Cybersecurity

How to Evaluate AI in Your Vendor’s Cybersecurity Solution

Cybersecurity software is getting more sophisticated these days, thanks to AI and ML capabilities. It’s now possible to automate security measures without direct human intervention. The value in these powerful solutions is real—in stopping breaches, providing highly detailed alerts, and protecting attack surfaces. Still, it pays to be a skeptic.

This interview with NVIDIA experts Bartley Richardson and Daniel Rohrer covers key issues such as AI claims, the hidden costs of deployment, and how to best use the demo. They recommend a series of questions to ask vendors when considering investing in AI-enabled cybersecurity software. 

Richardson leads a cross-discipline engineering team for AI infrastructure and cybersecurity, working on ML and Deep Learning techniques and new frameworks for cybersecurity. Rohrer, vice president of software security, has held a variety of technical and leadership roles during his 22 years at NVIDIA. 

1. What type of AI is running in your software?

Richardson: A lot of vendors claim they have AI and ML solutions for cybersecurity, but only a small set of them are investing in thoughtful approaches using AI that address the core issue of cybersecurity as a data problem. Vendors can make claims that their solutions can do all kinds of things. But those claims are really only valid if you also have X, Y, and Z in your ecosystem. The conditions on their claims get buried most of the time. 

Rohrer: It’s like saying that you can get these great features if you have full ptrace logs that go across your network all day long. Who has that? No one has that. It is cost-prohibitive. 

Richardson: Oh sure, we can do amazing things for you. You just need to capture, store, and catalog all of the packets that go across your network. Then devote a lot of very powerful and expensive servers to analyzing those packets, only to then require 100 new cybersecurity experts to interpret those results. Everyone has those resources, right?

But seriously, AI is not magic. It’s math. AI is just another technique. You have to look critically at AI. Ask your vendor, what type of AI is running in their software and where are they running it? Because AI is used for everything, but not everything is AI. Overselling and underdelivering are causing “AI fatigue” in the market. People are getting bombarded with this all the time.

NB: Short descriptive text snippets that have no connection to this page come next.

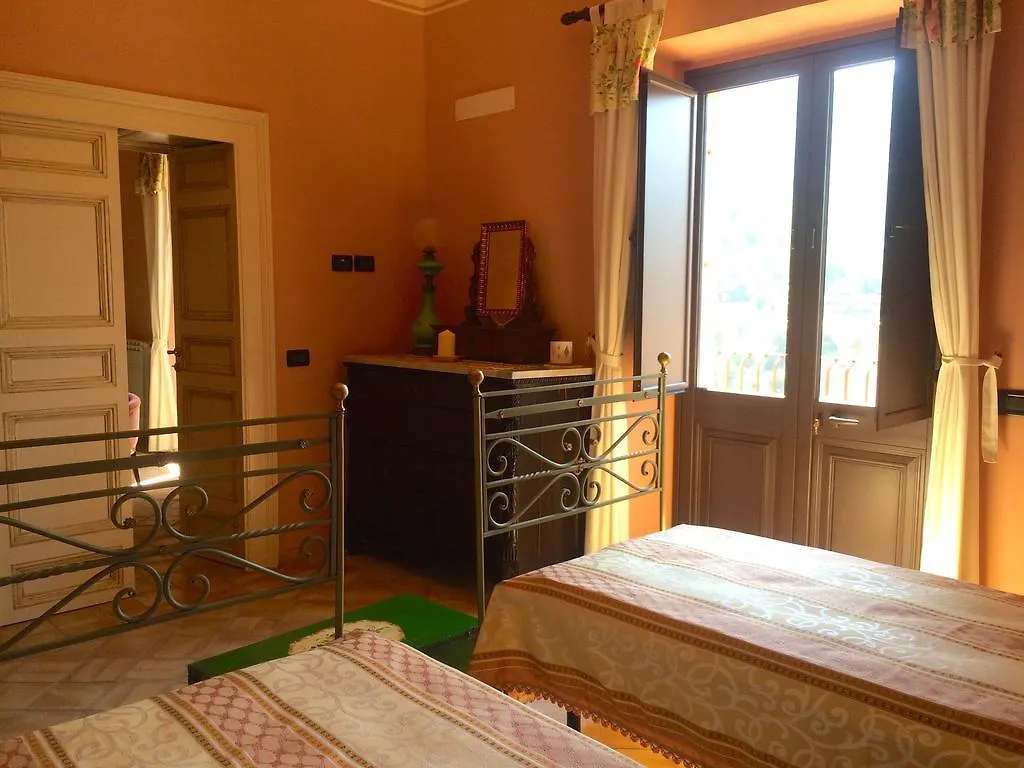 Palazzo Cutrufelli Apartment Graniti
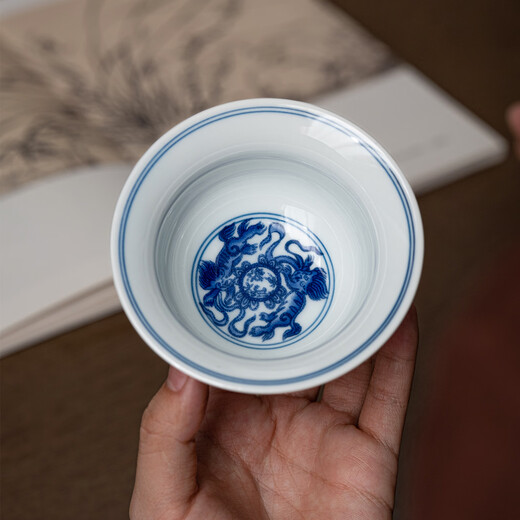 There is a new cultural and creative Forbidden City blue and white hand-pressed Kung Fu tea cup set gift box. The master cup is a Mid-Autumn Festival birthday gift for the elders.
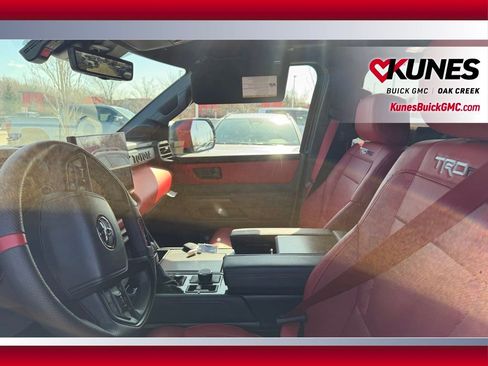 Used 2025 Toyota Sequoia TRD Pro AWD/4WD image 10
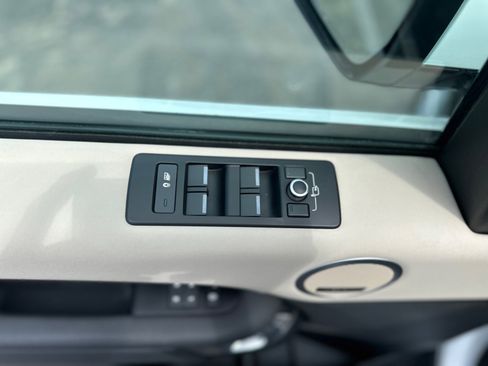 Used 2020 Land Rover Discovery HSE image 17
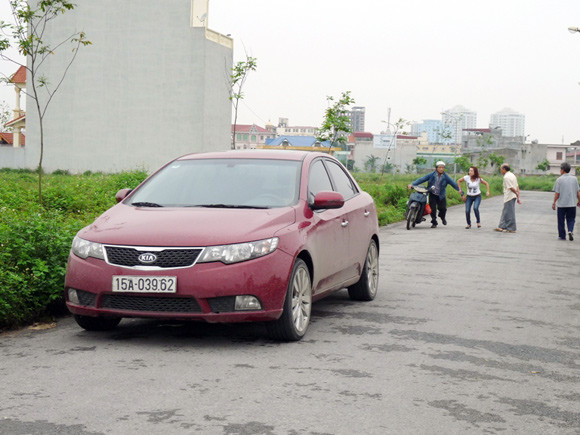 Cô gái đã giữ không cho đối tượng chạy thoát. Cô gái đã giữ không cho đối tượng chạy thoát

2. What deployment options can you offer?

Rohrer: Many people have hybrid cloud environments and a solution that works in just part of your environment. Certainly for cyber, it’s often deficient. How flexible is their deployment? Can they run in the cloud? On prem? In multiple environments like Linux, Windows, or whatever is needed to protect your data and achieve your goals? 

You need the right multicloud. For example, we use Google and Alibaba Cloud and AWS and Azure. Do they have a deployable solution in all those environments, or just one of those environments? And do we need that? Sometimes we don’t need that, sometimes we do. Cybersecurity is one of those use cases where we need logs from everywhere. So understand your solution space and know how flexible your deployment model needs to be to solve your problem. And bake that in.

Cyber is often one of the harder ones to pull off, because we have lots of dynamic ephemeral data. We’re often in many, many complex heterogeneous environments that are data-heavy and IO-heavy. So if you want a worst case scenario, cyber is often it.

Richardson: There could be hidden costs in deployment, too. If you have an environment where the vendor is saying you can get all this AI, but by the way, you have to use our cloud. There’s an associated cost—if you’re not already cloud-native and pushing your data to the cloud—in time, engineering, and money.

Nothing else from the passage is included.